____ Data extract

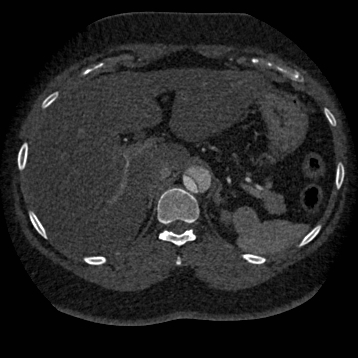 Aortic dissection (Radiopaedia 57969-64959 A 312).jpg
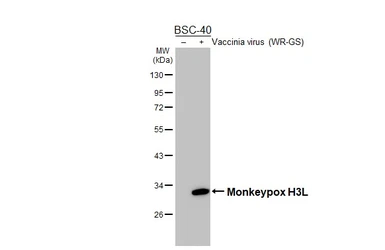 Anti-Mpox virus H3L antibody [HL5423] used in Western Blot (WB). GTX645991
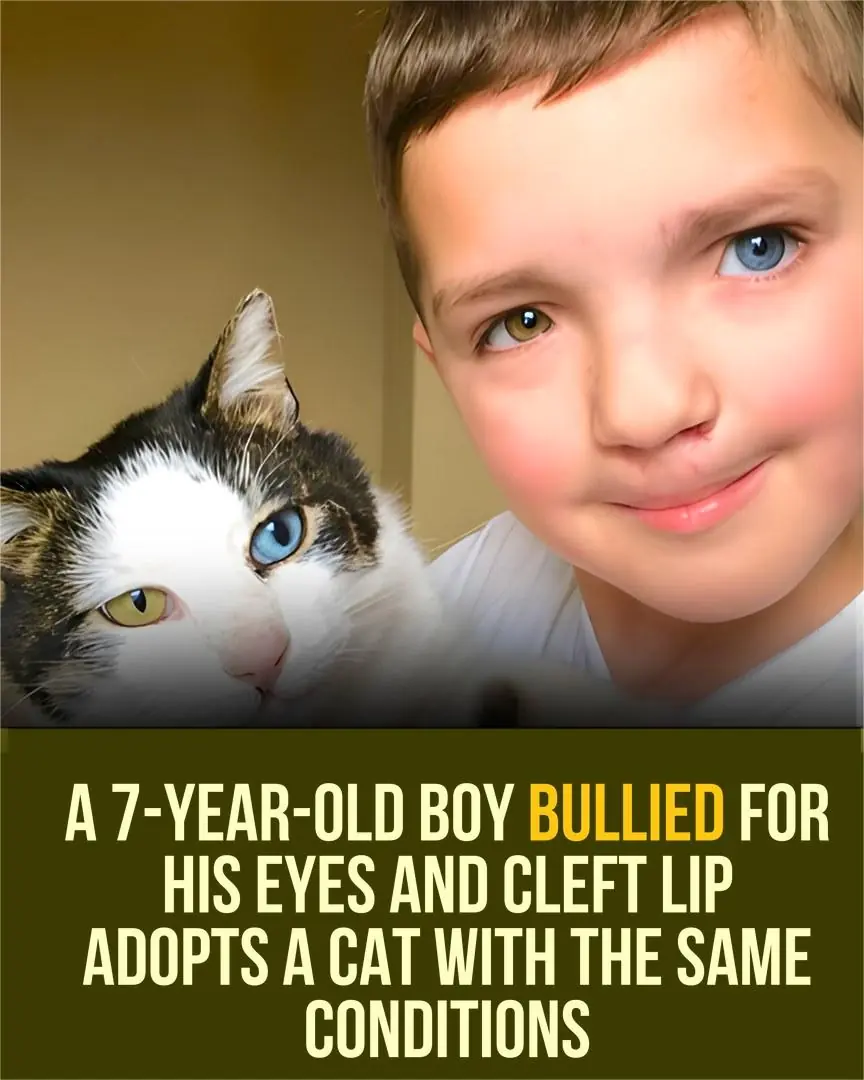 Bullied 7-Year-Old Boy Finds a Kindred Spirit in Cat With the Same Rare Conditions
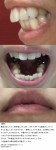 ガチャガチャな歯並び  口を閉じた時に  下唇の下に2つ膨らみ  部分矯正は？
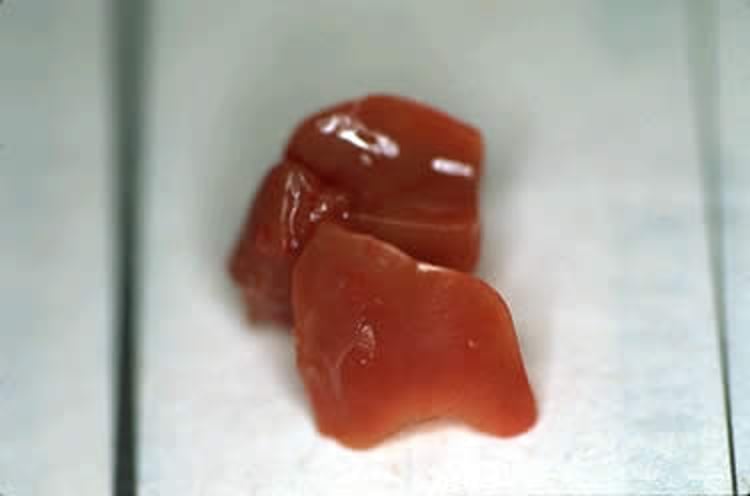 Amiloidosis, pinzón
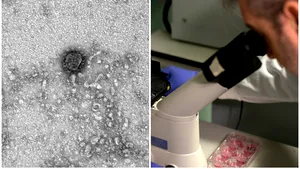  Ruşii susţin că au capturat prima imagine la microscop cu noul coronavirus şi i-au decodat genomul. Asta ar ajuta la găsirea unui vaccin. FOTO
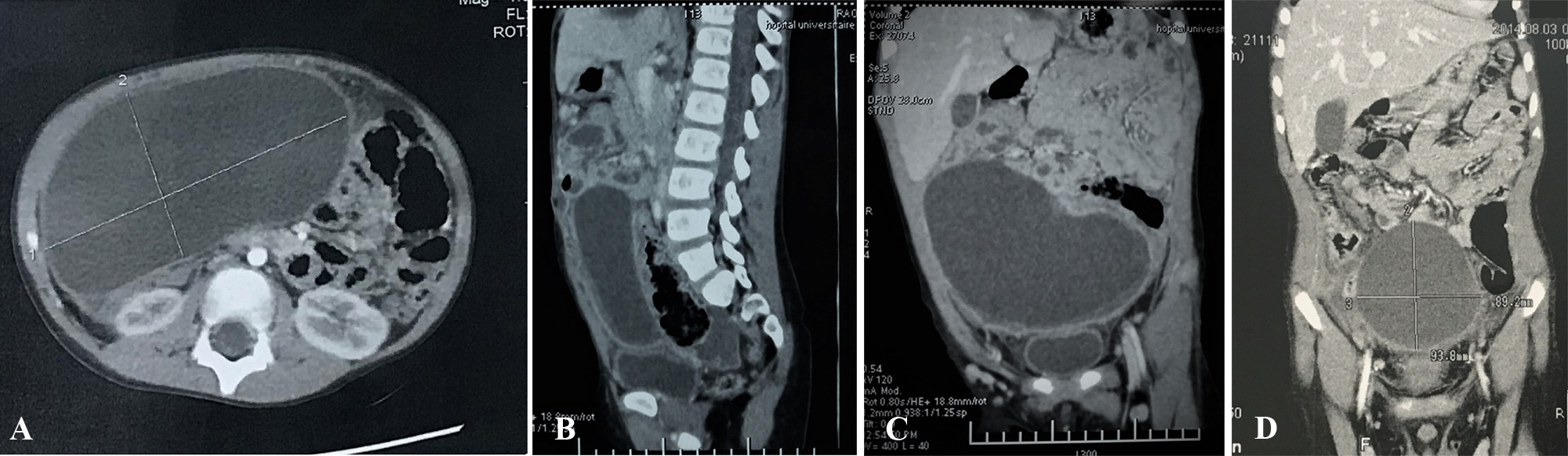 Intraperitoneal rupture of the hydatid cyst: Four case reports and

________

- [Exercise aim]
Give back exactly the lines from the line with "Amiloidosis, pinzón" through the end of the material above, inclusive, with no pictures.

- [Response]
 Amiloidosis, pinzón
  Ruşii susţin că au capturat prima imagine la microscop cu noul coronavirus şi i-au decodat genomul. Asta ar ajuta la găsirea unui vaccin. FOTO
 Intraperitoneal rupture of the hydatid cyst: Four case reports and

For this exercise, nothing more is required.